Reinforcement Learning with Quasi-Hyperbolic Discounting
S. R. Eshwar, Mayank Motwani, Nibedita Roy, Gugan Thoppe
TL;DR
The paper addresses time-inconsistent behavior induced by quasi-hyperbolic discounting in reinforcement learning and proposes a model-free method to identify Markov Perfect Equilibria (MPE) as stable policies. It introduces a two-timescale critic-actor algorithm that estimates QH Q-values and converges to an MPE when the joint process stabilizes, leveraging a differential inclusion framework to handle non-uniqueness in greedy policies. Theoretical results guarantee boundedness of the critic and, under suitable conditions, convergence to an MPE, with practical validation in an inventory-management scenario that reveals multiple MPEs with varying profitability.
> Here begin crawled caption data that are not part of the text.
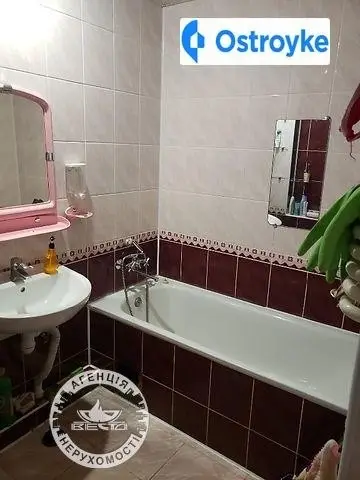 Оренда 3-кімнатної квартири, 70 м², Тернопіль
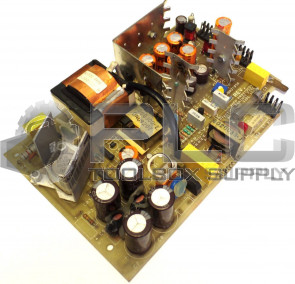 POWER MATE EVD-65-3001 POWER SUPPLY IP 115/220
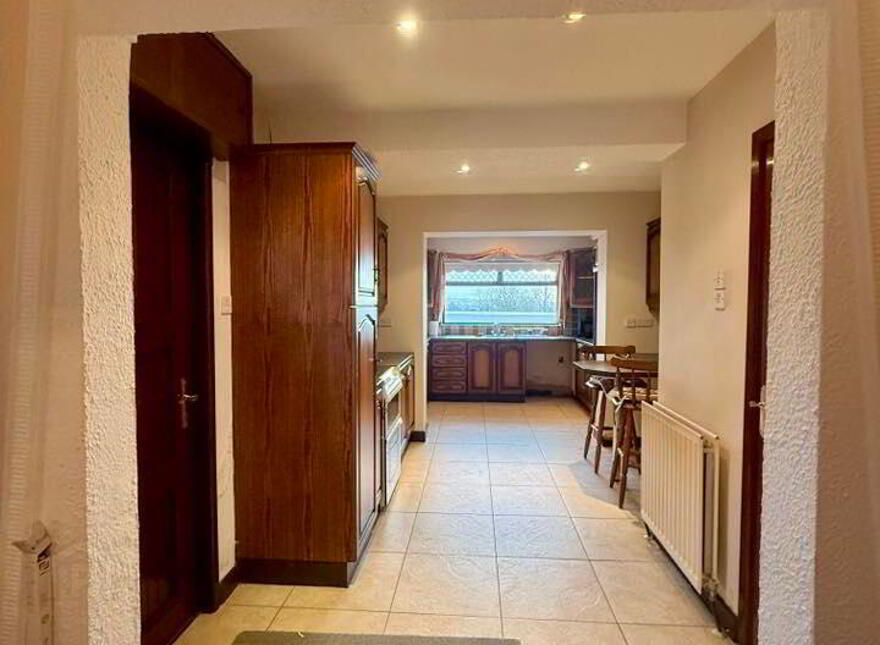 8 Whitehill Cottages, Culcrum Road, Cloughmills, Ballymena, BT44 9NN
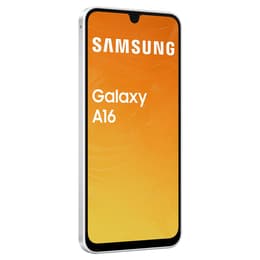 Galaxy A16 128GB - Γκρι - Ξεκλείδωτο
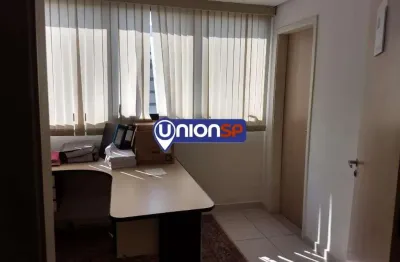 Conjunto à venda, 101 m² por r$ 1.200.000,00 - paraíso - são paulo/sp
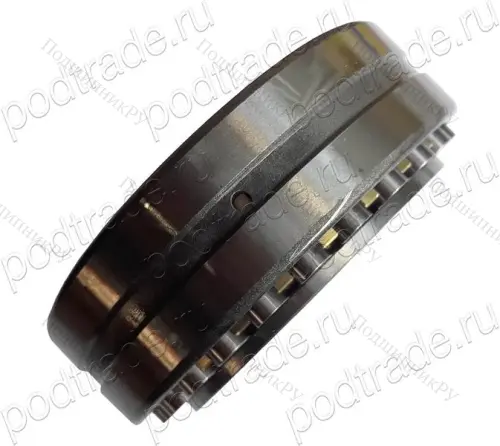 Двухрядный роликовый подшипник NN 3026 KP 51 (3182126-5 Л ГОСТ) в Балашихе
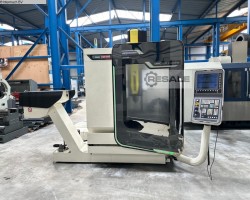 Maschine: DMG MORI SEIKI DMC 635V ecoline CNC Bearbeitungszentren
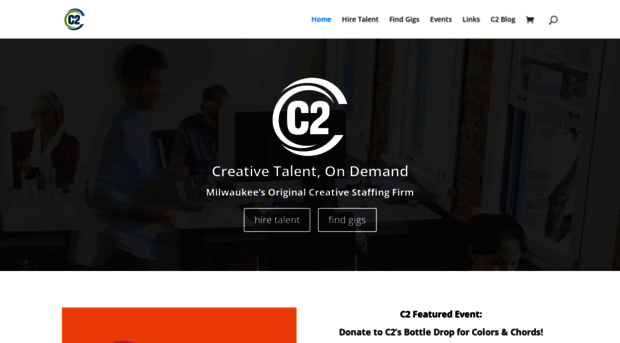 c2staffing.com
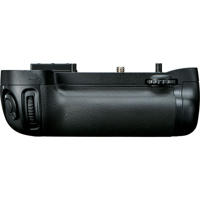 Nikon MB-D15, Multi Battery Po Picture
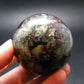 Rare Eudialyte Sphere Ball From Russia - 1.9" - 188.42 Grams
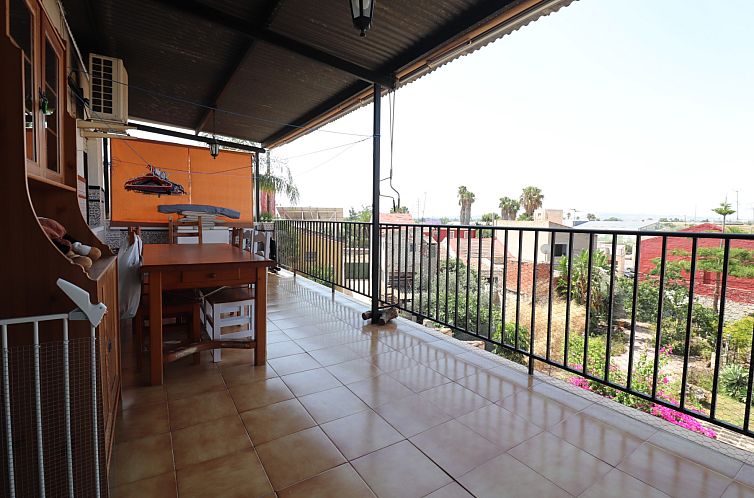 Appartement in Dolores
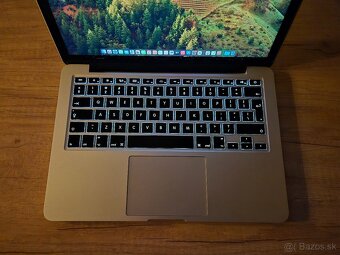 MacBook Pro (13-inch, 2015) /Intel Core i5/8GB RAM/512GB SSD - 11
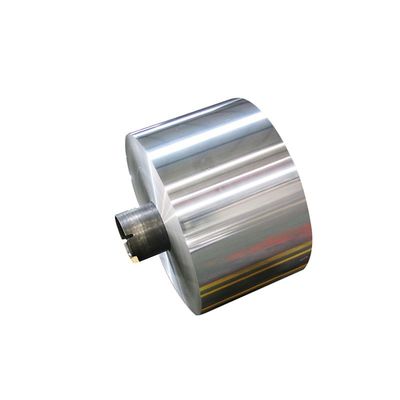 Mua  High-purity Industrial Aluminum 1070 Aluminum Sheet Coil Supplier sản xuất trực tuyến
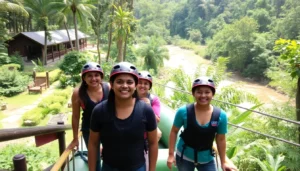 Premium Dandeli Resorts Packages for Memorable Nature and Adventure Experiences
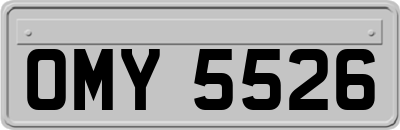 OMY5526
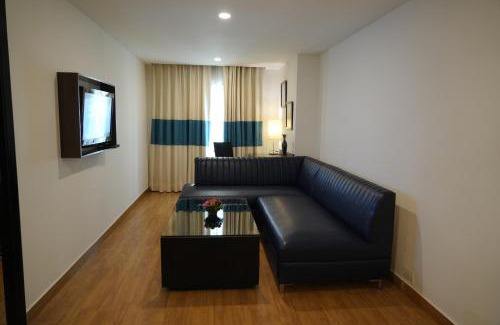 Vadodara Hotel | Four Points by Sheraton Vadodara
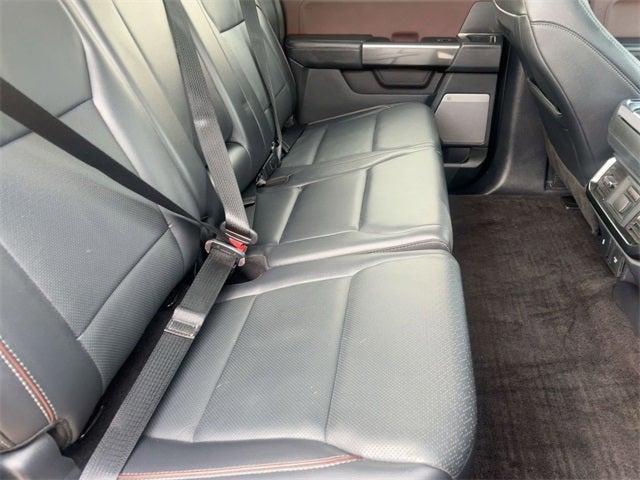 2021 Ford F-150 Lariat 4WD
This work advances the practical application of QH-discounted RL by providing a principled, model-free approach to equilibrium policy discovery and demonstrates its potential for human-behavior-inspired decision-making models.
Abstract
Reinforcement learning has traditionally been studied with exponential discounting or the average reward setup, mainly due to their mathematical tractability. However, such frameworks fall short of accurately capturing human behavior, which has a bias towards immediate gratification. Quasi-Hyperbolic (QH) discounting is a simple alternative for modeling this bias. Unlike in traditional discounting, though, the optimal QH-policy, starting from some time $t_1,$ can be different to the one starting from $t_2.$ Hence, the future self of an agent, if it is naive or impatient, can deviate from the policy that is optimal at the start, leading to sub-optimal overall returns. To prevent this behavior, an alternative is to work with a policy anchored in a Markov Perfect Equilibrium (MPE). In this work, we propose the first model-free algorithm for finding an MPE. Using a two-timescale analysis, we show that, if our algorithm converges, then the limit must be an MPE. We also validate this claim numerically for the standard inventory system with stochastic demands. Our work significantly advances the practical application of reinforcement learning.